Unattended maintenance for OpenShift 4 should just be happening. OnCall shouldn’t be alerted all the time, instead relevant alerts should be aggregated. There’s multiple potential approaches to do so, see section proposals

Goals

Alert if automated maintenance of any OpenShift 4 cluster is blocked at any point
To minimize alert fatigue for OnCall engineers, alert only once or as few times as possible
- Aggregate individual cluster alerts into one single alert
- Only send out alerts if any alert is firing for a certain period of time
- Suppress cluster alerts during the maintenance window
SLA relevant alerts shouldn’t be suppressed in any form

Non-goals

General centralized alerts of OpenShift 4 clusters

Proposals

Option 1: Use centralized Mimir / Grafana

The upgrade controller is monitoring the cluster’s health and can emit metrics on the current state of the maintenance process. We can send these few metrics to our centralized Mimir instance and implement alerting there.

Alternatively record rules could be used to create necessary metric time series. The Prometheus ALERTS metric is also a record rule under the hood. It’s possible to remote write this metric to our centralized Mimir instance. This would allow us to build alerting dashboards and meta alerts with minimal additional work and transmitted data.

Option 2: Use centralized Grafana and remote Datasources

Configure our centralized Grafana to access every cluster’s Prometheus as data source. Alert based on metrics from all data sources by Grafana.

Accessing the Prometheus instances from outside the cluster might be difficult for some customers with restricted networking setups and we would need a way to expose the Prometheus API to the outside.

Using alerts managed by Grafana would be different from the current approach of using Prometheus Alertmanager. It would need additional integration work into Opsgenie.

Option 3: Use Opsgenie

Opsgenie has some options to filter and group alerts together. Special routes can be configured based on alert labels to wait for a specified time before alerting an OnCall engineer.

Grouping Alerts using Opsgenie aliases

There is a possibility to group alerts together using Opsgenie aliases.

Alertmanager doesn’t allow control over this field currently. We would need a proxy between Alertmanager and Opsgenie to set the alias field. The configuration seems to be quite complex and error prone.

Maintenance Window

There is a possibility to configure a maintenance window for specific alerts. During this time period a notification policy can delay alerting or auto close the alert.

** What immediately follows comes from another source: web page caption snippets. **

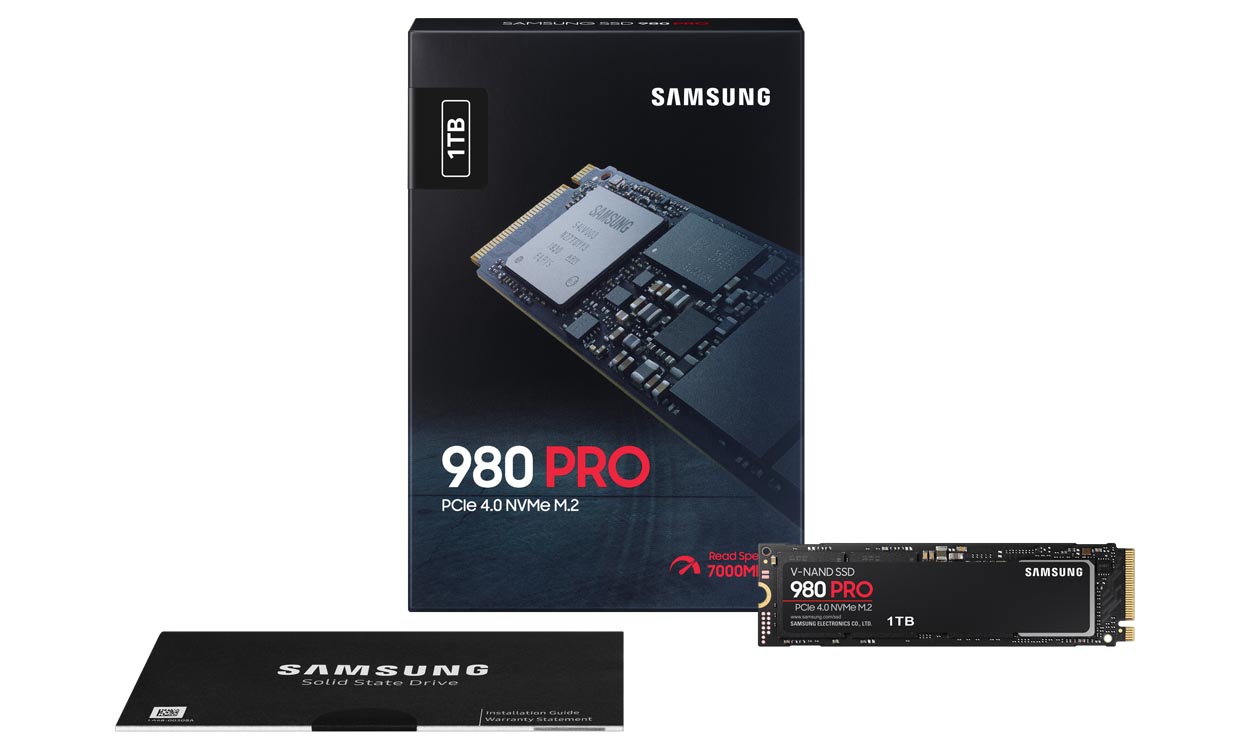 samsung-980-pro-1tb-ssd.jpg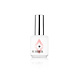 Upvoted Rubber Up Ivy (15ml) Upvoted Rubber Up Ivy (15ml)
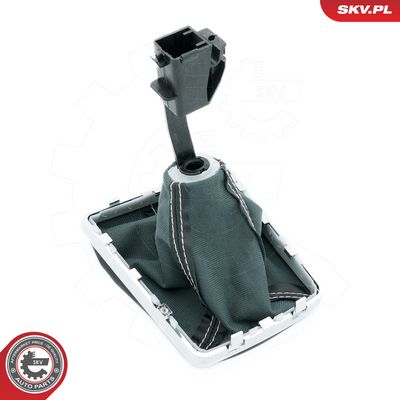 Hlavice řadicí páky ESEN SKV 63SKV457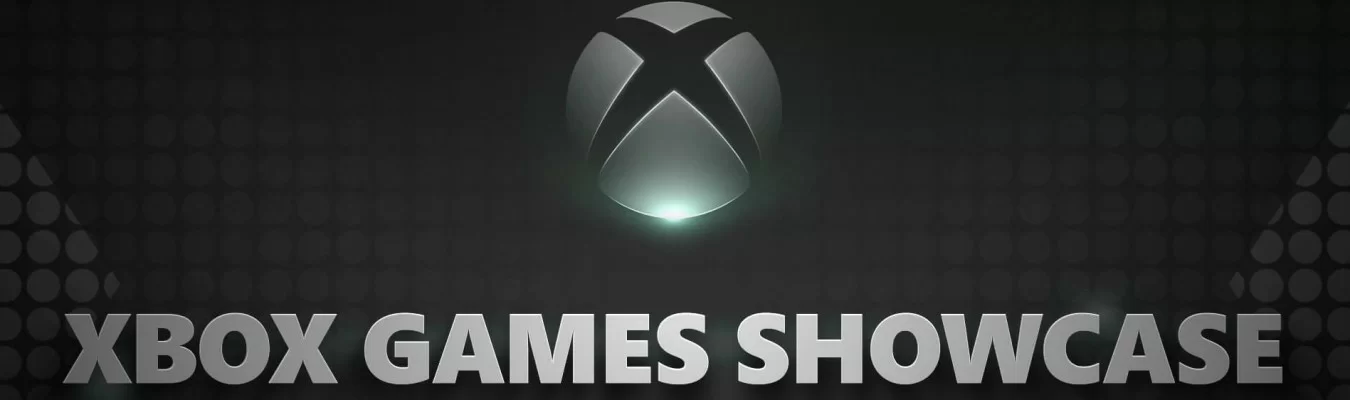 10 jogos que queremos ver no Xbox Games Showcase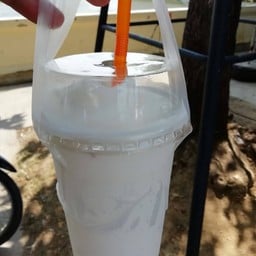 เจ๊ปุ้ม@บางพระ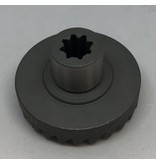 Native Watercraft (Closeout) Prop Lower Transmission Gear Now APRO011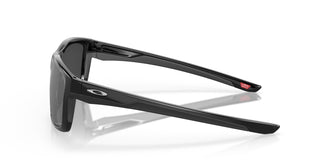 Oakley OO9264 MAINLINK 926448 61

This doesn’t solve the grouping issue.

Incident Creation

There is a possibility to create incidents automatically based on alert labels. This could allow us to create a "cluster maintenance" incident, with low priority, and add all alerts that are firing to it. Closing the incident isn’t possible and would need to be done manually. There doesn’t seem to be a way to delay alerts for a certain time period.

The incident creation seems to be quite buggy. While an incident can be acknowledged, it would still be shown as "unacknowledged" in the UI.

This does solve the grouping issue, but not the maintenance window end issue.

Decision

We decided to go with option 1 and use a centralized Mimir / Grafana.

Rationale

We already use a centralized Mimir instance for billing and SLOs. Forwarding upgrade-controller metrics and alerts to Mimir should be minimal additional work. Using Mimir we also can configure meta-alerts using PromQL and Alertmanager, both technologies we already know and use.